Task: Below is a listing. Quote from it, exactly, the lines from the one containing "And then somebody" down to the one containing "This is a Lotus", both ends included, and nothing else.
= = = = = = =
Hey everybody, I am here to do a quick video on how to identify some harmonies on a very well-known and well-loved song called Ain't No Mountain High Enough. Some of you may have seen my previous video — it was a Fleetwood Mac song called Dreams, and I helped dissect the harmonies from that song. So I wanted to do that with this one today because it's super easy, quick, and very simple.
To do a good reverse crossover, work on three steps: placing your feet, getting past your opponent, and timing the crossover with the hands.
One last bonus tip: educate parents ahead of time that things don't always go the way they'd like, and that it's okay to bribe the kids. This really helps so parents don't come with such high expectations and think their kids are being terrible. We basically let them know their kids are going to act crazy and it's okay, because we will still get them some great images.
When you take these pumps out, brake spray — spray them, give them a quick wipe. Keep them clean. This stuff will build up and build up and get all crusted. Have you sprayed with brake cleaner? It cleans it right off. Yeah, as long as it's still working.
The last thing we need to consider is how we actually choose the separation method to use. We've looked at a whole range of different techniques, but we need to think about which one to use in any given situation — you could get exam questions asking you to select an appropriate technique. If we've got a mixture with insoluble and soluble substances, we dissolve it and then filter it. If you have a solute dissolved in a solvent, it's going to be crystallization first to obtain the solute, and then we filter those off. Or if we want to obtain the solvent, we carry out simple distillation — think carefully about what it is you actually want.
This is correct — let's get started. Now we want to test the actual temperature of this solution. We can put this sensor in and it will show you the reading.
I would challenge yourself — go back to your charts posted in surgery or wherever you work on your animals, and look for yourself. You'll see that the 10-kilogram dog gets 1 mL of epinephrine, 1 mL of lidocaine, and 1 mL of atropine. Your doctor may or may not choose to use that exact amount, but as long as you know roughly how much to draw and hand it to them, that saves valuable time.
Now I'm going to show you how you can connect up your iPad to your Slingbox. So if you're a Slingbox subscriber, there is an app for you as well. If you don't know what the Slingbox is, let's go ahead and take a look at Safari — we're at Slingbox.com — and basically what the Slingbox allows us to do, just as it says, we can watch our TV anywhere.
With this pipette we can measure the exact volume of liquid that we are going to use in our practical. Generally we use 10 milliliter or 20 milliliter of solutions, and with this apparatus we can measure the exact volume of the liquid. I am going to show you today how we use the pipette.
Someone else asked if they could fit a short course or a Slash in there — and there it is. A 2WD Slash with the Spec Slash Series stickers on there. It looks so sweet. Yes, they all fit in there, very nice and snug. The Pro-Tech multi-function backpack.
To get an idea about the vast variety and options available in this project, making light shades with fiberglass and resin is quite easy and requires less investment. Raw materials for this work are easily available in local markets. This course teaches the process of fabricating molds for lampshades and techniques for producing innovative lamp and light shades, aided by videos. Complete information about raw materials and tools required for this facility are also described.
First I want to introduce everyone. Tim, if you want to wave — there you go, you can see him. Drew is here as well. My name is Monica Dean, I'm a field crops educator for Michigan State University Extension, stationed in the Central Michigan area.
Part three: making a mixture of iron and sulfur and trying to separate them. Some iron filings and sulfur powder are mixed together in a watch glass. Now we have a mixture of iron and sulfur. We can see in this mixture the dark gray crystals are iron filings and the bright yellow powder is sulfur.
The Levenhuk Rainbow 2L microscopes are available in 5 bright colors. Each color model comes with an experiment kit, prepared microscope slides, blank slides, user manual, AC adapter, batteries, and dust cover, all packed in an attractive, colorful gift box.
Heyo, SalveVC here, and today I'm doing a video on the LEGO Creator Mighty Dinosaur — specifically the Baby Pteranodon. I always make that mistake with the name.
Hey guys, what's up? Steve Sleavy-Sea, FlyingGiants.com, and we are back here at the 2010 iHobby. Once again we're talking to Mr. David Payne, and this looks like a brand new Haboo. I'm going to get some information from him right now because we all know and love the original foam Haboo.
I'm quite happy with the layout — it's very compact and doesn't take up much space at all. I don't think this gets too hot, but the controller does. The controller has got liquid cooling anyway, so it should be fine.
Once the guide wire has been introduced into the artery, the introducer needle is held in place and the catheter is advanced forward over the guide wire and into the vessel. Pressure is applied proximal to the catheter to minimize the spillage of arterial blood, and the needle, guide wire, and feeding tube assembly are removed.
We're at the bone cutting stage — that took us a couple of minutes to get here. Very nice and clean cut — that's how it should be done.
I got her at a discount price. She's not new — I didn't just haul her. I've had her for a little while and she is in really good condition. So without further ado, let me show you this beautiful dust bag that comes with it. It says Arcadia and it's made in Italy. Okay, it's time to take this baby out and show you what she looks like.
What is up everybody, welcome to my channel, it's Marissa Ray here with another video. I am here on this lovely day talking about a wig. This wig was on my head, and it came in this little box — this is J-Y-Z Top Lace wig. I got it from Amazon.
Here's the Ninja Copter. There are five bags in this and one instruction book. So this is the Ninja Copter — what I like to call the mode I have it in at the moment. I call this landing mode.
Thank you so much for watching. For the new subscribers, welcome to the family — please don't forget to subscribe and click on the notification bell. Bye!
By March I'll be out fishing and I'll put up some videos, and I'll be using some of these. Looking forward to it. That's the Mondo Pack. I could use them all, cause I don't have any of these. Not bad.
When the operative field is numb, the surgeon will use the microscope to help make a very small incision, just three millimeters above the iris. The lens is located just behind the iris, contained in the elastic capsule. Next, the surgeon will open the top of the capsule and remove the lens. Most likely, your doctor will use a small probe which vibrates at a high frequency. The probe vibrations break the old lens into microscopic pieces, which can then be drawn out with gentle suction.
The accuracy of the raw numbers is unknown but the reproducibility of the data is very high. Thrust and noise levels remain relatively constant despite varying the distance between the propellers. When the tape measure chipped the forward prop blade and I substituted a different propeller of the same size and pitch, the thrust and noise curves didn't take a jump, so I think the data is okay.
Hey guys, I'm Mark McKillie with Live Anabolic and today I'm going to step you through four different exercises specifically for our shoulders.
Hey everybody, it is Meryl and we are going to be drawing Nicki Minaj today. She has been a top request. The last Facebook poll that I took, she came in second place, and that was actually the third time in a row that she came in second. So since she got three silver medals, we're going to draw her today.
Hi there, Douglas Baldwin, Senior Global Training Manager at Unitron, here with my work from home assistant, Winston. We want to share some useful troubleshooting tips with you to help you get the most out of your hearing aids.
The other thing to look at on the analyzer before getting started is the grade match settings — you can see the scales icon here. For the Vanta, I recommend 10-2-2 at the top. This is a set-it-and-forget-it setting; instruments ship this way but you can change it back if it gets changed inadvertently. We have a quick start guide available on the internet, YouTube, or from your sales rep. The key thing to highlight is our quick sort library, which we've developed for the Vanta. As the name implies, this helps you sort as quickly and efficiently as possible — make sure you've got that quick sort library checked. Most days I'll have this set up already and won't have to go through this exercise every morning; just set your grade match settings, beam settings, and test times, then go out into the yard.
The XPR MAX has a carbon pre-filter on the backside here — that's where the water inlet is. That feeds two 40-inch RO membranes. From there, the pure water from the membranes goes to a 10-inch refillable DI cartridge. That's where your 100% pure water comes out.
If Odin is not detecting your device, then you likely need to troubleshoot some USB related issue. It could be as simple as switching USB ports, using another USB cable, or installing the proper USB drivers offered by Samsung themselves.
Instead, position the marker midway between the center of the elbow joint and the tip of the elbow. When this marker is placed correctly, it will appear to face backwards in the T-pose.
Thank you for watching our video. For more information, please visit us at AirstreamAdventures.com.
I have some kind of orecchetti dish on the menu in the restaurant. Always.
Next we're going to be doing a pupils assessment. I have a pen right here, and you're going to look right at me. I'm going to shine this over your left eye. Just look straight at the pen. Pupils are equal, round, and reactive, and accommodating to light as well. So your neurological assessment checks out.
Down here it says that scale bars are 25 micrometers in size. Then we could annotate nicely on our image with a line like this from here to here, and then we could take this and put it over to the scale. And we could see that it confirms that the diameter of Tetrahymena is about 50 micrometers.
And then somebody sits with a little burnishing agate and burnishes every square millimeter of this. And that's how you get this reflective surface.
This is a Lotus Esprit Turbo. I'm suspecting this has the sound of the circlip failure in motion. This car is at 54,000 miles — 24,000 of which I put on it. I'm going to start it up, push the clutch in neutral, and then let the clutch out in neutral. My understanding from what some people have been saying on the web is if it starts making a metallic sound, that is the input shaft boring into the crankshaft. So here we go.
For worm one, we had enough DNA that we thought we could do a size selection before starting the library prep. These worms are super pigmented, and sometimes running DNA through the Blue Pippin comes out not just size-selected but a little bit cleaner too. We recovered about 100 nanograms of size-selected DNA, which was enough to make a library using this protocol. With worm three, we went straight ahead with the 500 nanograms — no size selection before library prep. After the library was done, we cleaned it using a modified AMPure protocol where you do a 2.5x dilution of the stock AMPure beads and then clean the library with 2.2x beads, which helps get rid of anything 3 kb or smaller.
= = = = = = =
Solved exercise:
And then somebody sits with a little burnishing agate and burnishes every square millimeter of this. And that's how you get this reflective surface.
This is a Lotus Esprit Turbo. I'm suspecting this has the sound of the circlip failure in motion. This car is at 54,000 miles — 24,000 of which I put on it. I'm going to start it up, push the clutch in neutral, and then let the clutch out in neutral. My understanding from what some people have been saying on the web is if it starts making a metallic sound, that is the input shaft boring into the crankshaft. So here we go.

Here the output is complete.